_Work required_
Return every line from the listing where the word "Vector" occurs.

______________________________

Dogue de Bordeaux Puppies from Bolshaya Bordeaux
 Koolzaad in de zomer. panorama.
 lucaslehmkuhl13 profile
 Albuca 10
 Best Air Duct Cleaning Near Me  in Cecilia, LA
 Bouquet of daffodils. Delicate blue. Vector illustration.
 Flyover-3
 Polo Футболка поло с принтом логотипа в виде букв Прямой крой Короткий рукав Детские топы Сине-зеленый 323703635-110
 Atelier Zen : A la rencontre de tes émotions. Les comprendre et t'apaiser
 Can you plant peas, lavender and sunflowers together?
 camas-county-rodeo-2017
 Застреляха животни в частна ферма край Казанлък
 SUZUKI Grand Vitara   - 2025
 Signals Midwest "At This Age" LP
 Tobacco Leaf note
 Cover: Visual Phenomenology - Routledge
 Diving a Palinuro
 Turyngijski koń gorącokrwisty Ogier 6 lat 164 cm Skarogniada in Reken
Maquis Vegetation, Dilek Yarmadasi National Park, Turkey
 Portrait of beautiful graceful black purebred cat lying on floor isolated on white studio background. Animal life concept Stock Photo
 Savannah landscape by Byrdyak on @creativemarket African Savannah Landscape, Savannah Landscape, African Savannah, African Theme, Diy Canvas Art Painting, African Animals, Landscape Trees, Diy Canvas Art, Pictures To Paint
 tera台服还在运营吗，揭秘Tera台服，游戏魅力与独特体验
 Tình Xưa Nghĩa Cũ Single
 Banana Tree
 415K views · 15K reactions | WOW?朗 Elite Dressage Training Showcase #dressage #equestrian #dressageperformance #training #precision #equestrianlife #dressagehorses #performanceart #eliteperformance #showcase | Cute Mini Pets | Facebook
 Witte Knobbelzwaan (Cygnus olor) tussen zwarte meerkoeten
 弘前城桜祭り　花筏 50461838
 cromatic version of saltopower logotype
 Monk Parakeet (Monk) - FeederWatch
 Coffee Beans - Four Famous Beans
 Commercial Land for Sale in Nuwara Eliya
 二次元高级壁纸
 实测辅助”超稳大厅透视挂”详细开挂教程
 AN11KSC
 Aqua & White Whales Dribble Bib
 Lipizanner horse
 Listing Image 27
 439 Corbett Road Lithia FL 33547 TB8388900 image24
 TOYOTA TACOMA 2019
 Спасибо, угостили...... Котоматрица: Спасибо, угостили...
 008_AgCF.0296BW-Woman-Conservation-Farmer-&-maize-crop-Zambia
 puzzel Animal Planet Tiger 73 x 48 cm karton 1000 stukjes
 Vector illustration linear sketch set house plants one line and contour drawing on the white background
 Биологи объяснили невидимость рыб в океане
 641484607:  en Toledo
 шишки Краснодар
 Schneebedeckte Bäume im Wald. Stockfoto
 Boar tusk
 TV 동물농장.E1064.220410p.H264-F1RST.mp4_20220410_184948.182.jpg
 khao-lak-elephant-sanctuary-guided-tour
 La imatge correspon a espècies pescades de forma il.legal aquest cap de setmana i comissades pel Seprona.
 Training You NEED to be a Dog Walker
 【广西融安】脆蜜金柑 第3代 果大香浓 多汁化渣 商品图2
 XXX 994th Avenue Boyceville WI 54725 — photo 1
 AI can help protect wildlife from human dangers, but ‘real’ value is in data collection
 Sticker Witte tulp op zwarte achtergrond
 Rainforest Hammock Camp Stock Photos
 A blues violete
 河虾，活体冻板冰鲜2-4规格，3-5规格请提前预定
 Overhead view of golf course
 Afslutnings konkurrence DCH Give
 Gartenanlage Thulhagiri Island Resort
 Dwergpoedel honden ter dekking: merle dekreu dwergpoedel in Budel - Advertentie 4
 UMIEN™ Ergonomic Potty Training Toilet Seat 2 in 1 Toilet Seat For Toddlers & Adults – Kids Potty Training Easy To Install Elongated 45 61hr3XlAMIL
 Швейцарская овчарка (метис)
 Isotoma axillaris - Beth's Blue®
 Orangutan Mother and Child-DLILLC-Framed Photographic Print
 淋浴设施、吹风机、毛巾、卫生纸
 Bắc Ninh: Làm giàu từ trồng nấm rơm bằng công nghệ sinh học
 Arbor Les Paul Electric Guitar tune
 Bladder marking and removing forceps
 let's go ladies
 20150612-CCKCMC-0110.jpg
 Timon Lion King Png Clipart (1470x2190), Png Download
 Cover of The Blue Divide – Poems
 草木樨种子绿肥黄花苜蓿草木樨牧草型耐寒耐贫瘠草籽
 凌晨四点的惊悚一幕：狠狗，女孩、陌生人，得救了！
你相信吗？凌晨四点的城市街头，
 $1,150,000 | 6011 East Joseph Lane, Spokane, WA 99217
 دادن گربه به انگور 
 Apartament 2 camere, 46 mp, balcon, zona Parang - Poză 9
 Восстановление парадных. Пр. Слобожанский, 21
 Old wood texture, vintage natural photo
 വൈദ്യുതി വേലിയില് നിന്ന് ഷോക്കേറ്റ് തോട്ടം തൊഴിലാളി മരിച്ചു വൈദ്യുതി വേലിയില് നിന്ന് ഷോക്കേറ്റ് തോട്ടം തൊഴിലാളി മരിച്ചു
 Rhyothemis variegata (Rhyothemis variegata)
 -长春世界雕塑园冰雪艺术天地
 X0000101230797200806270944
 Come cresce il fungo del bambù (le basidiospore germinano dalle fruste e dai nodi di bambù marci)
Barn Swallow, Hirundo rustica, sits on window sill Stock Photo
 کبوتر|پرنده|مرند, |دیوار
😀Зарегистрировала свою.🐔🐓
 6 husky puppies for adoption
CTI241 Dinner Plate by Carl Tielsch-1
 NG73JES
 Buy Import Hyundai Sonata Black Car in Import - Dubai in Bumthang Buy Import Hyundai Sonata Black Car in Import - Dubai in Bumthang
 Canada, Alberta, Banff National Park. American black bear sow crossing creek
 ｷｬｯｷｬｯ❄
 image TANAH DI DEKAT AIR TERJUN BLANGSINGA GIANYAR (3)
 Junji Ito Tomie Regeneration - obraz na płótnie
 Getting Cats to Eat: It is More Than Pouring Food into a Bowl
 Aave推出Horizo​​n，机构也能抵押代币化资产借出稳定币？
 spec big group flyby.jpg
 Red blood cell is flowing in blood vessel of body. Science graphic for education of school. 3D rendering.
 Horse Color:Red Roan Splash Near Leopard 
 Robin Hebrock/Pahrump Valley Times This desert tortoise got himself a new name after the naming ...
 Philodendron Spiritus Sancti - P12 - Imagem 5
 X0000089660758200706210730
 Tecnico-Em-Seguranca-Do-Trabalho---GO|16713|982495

______________________________

_Solution for this exercise_
 Bouquet of daffodils. Delicate blue. Vector illustration.
 Vector illustration linear sketch set house plants one line and contour drawing on the white background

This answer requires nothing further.